Transcribe, exactly and without pictures, the lines below from the line with "Set 13 Brochas" to the line with "Initial Unicorn Charm Necklace Pink", both ends included, and no others.

◆ GIVEN DATA ◆
==============================

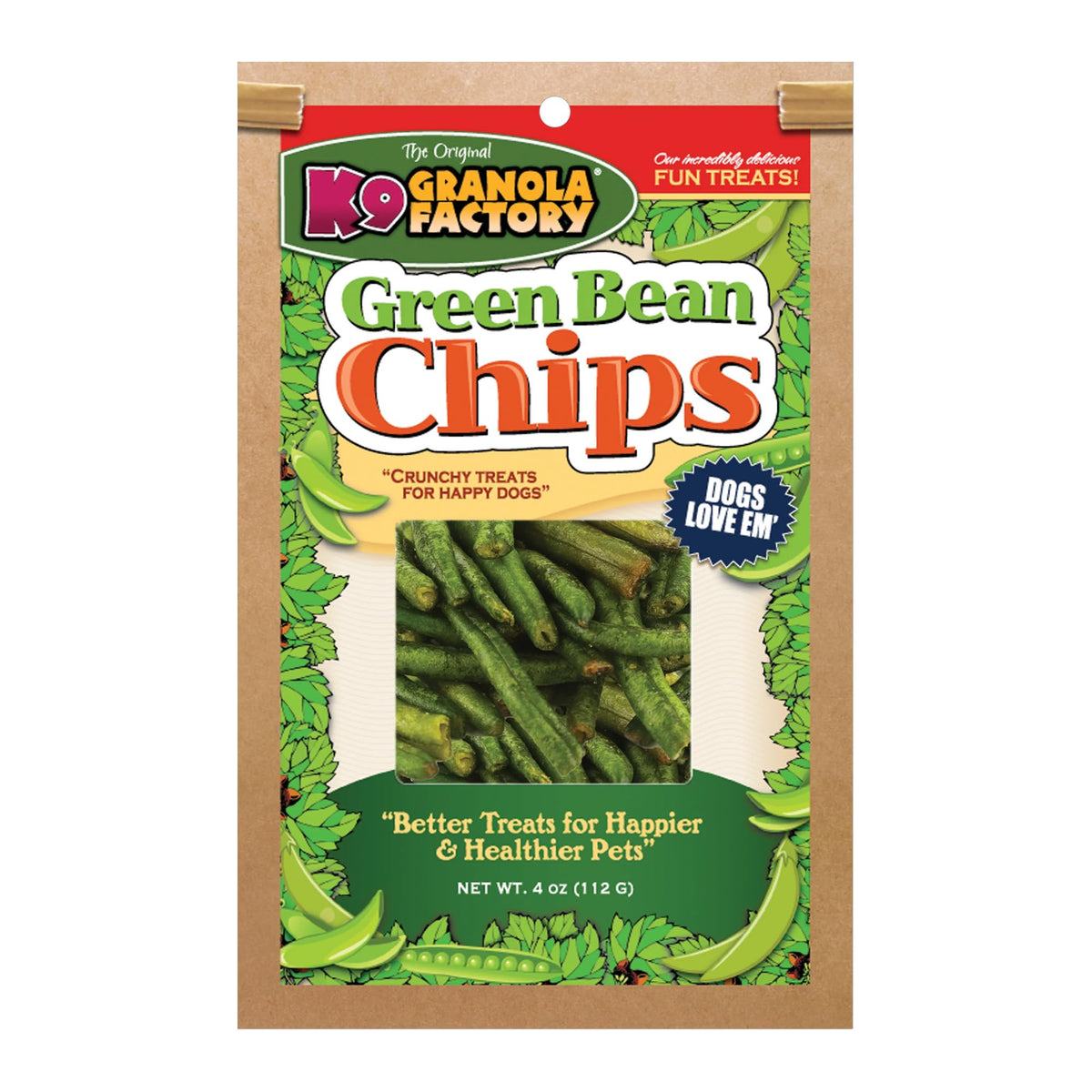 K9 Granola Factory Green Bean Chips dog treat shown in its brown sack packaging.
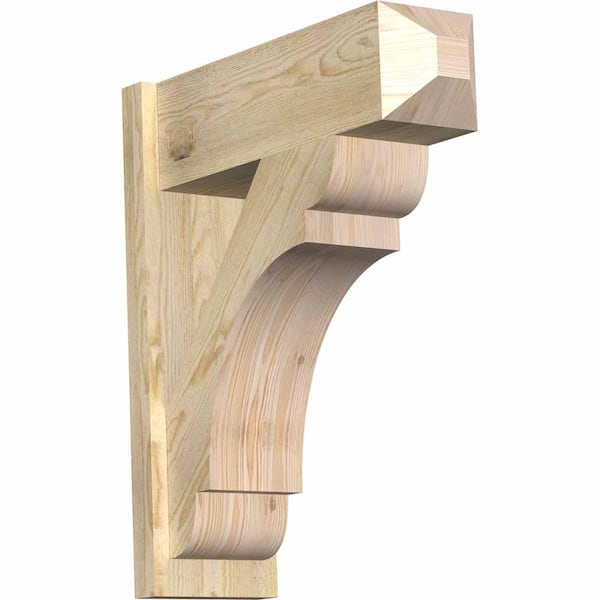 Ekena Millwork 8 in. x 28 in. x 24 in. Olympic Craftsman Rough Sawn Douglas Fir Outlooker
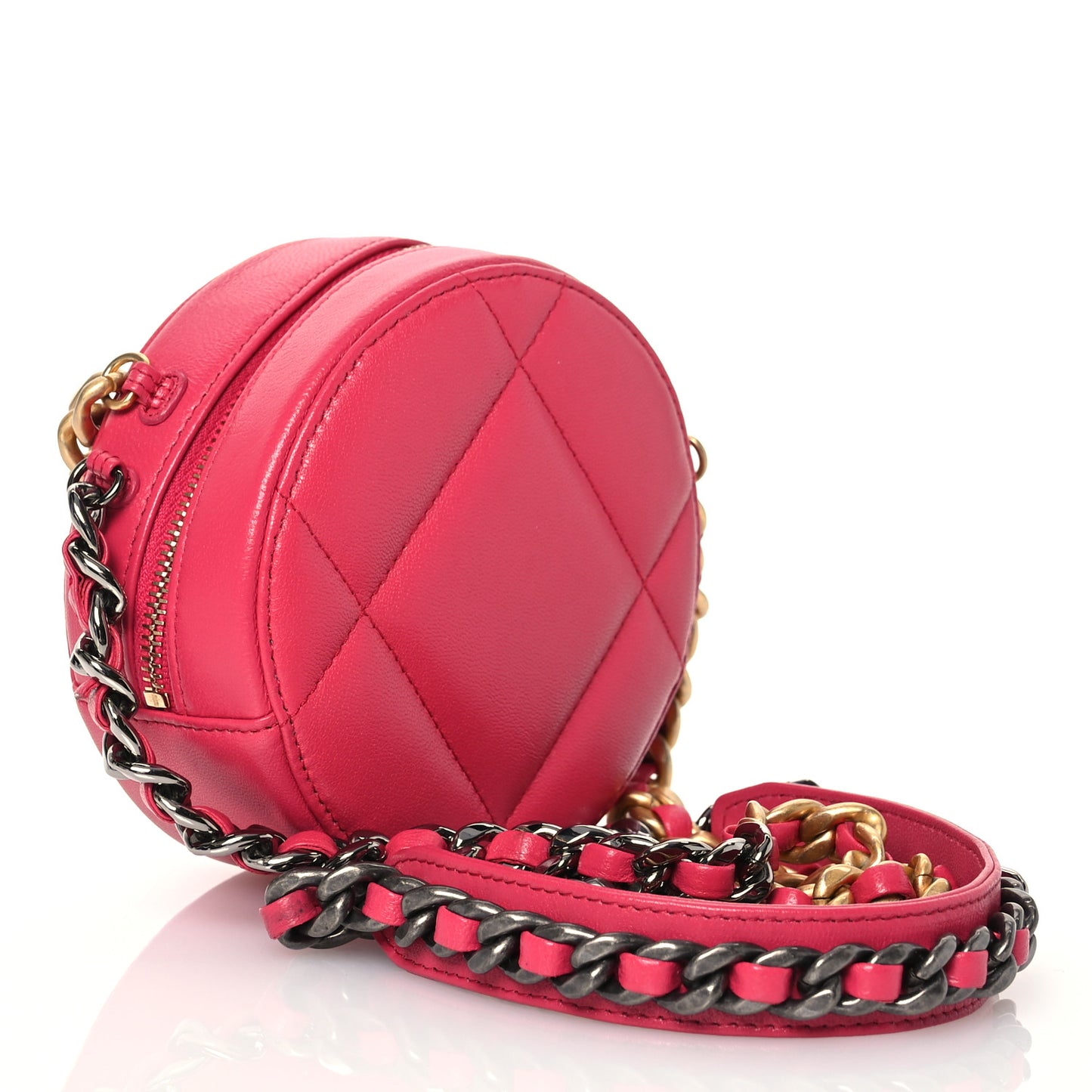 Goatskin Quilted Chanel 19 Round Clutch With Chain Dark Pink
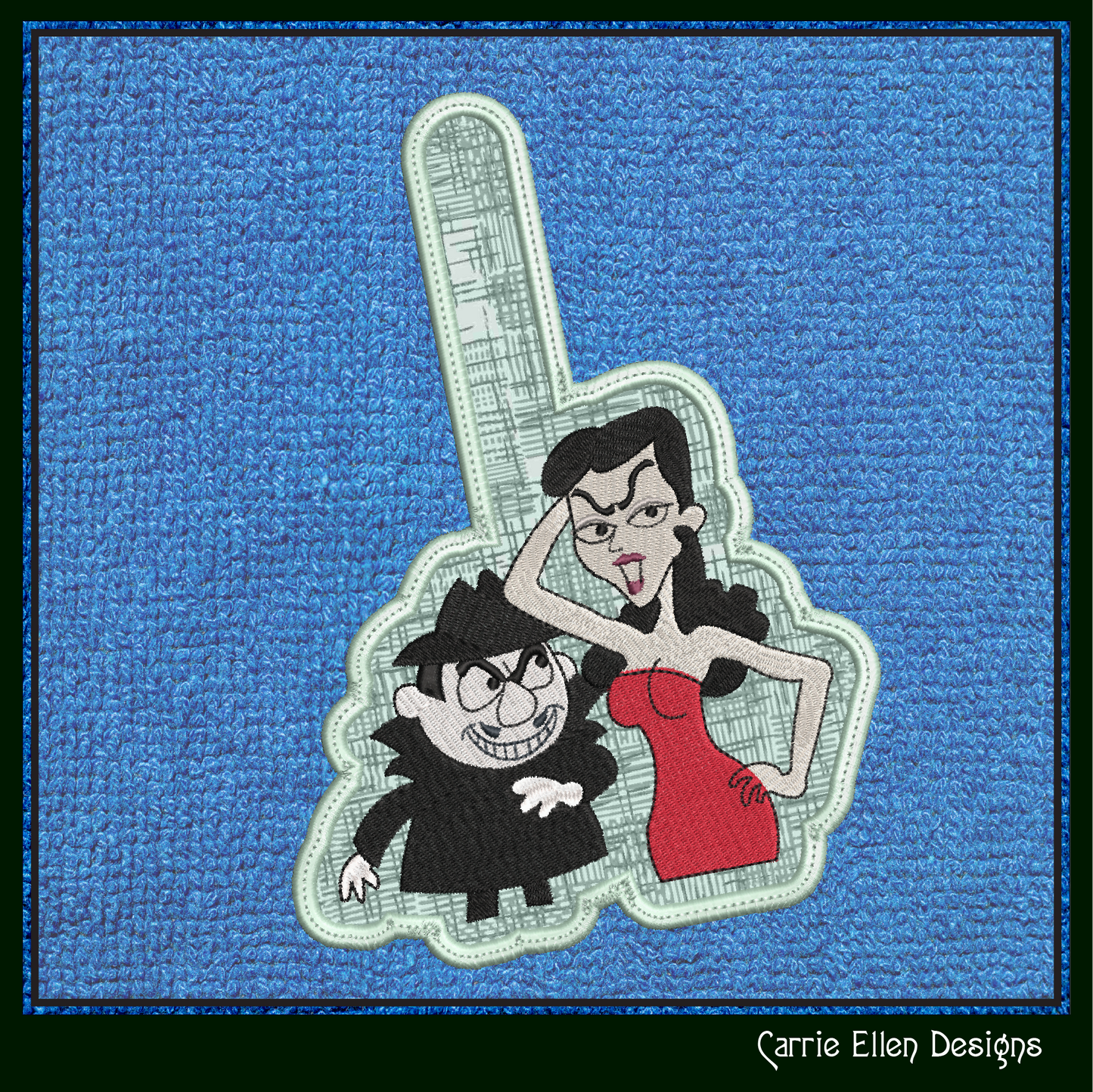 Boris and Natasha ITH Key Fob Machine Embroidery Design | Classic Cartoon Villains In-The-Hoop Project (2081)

==============================

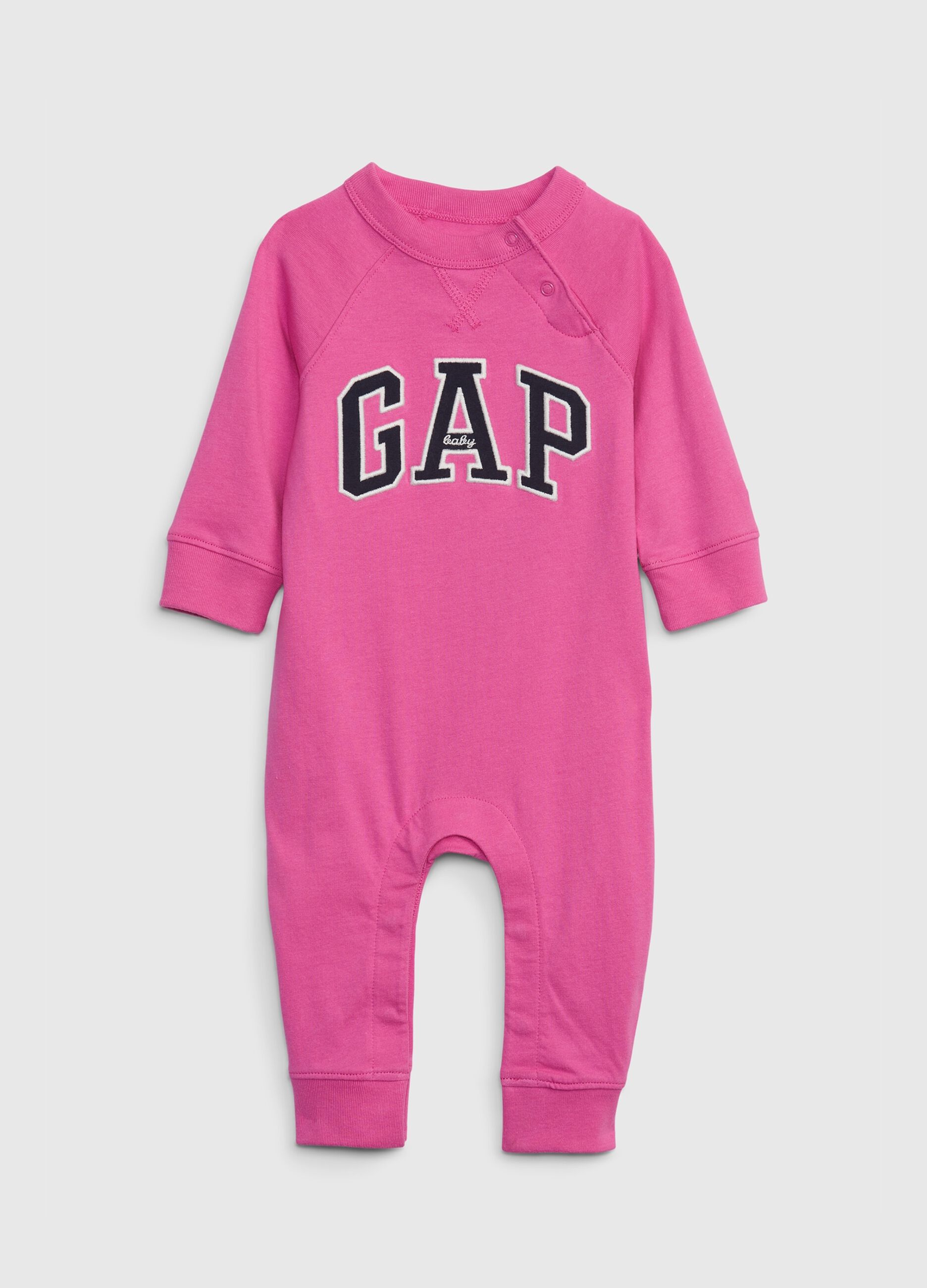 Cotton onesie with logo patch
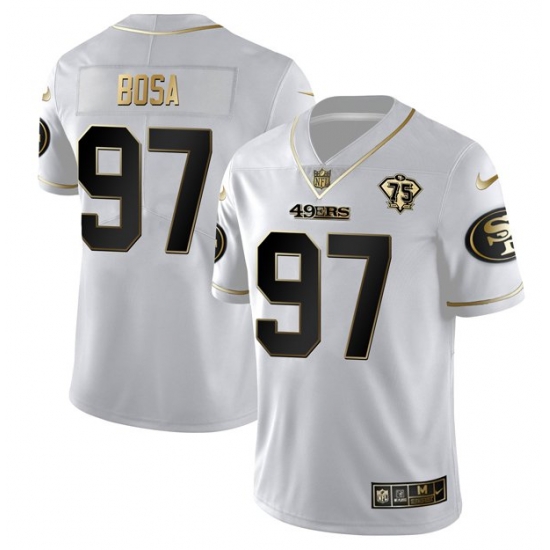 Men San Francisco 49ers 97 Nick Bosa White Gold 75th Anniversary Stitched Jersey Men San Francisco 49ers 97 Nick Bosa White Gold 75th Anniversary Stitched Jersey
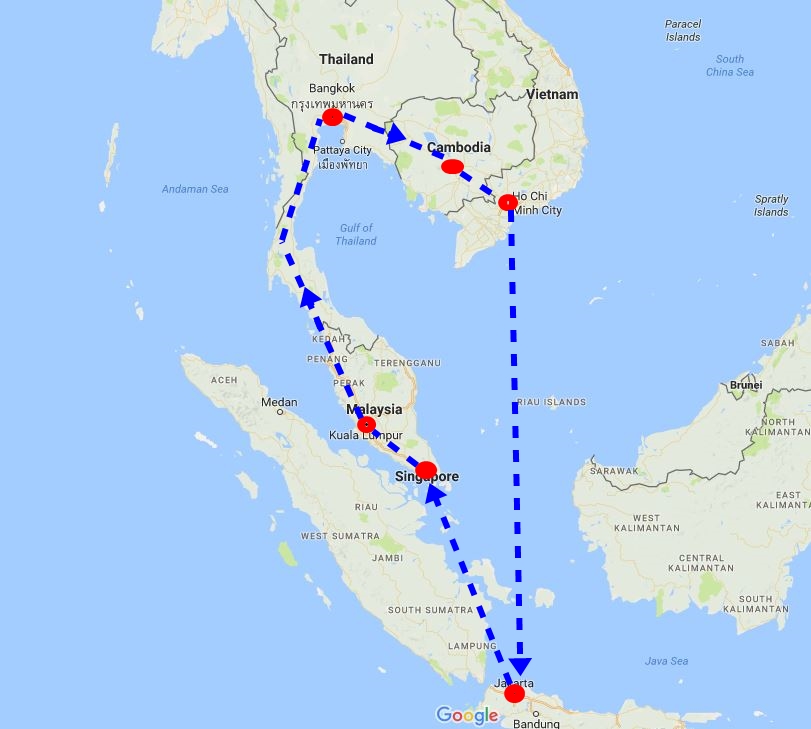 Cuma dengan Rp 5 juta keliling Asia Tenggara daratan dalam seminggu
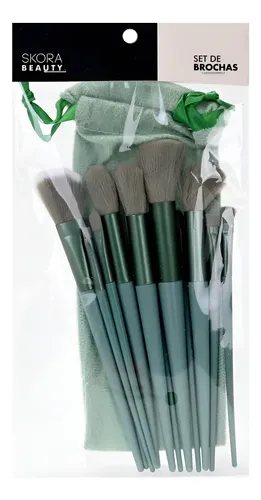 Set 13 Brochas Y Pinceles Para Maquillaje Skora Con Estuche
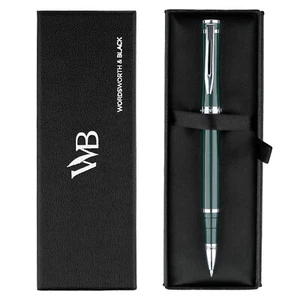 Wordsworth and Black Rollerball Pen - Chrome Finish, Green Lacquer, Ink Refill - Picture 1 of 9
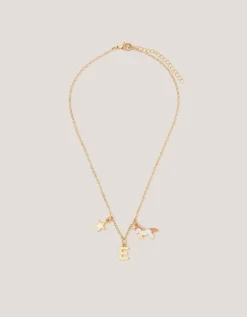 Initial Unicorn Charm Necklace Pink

==============================

◆ WRITTEN RESPONSE ◆
 Set 13 Brochas Y Pinceles Para Maquillaje Skora Con Estuche
 Wordsworth and Black Rollerball Pen - Chrome Finish, Green Lacquer, Ink Refill - Picture 1 of 9
 Initial Unicorn Charm Necklace Pink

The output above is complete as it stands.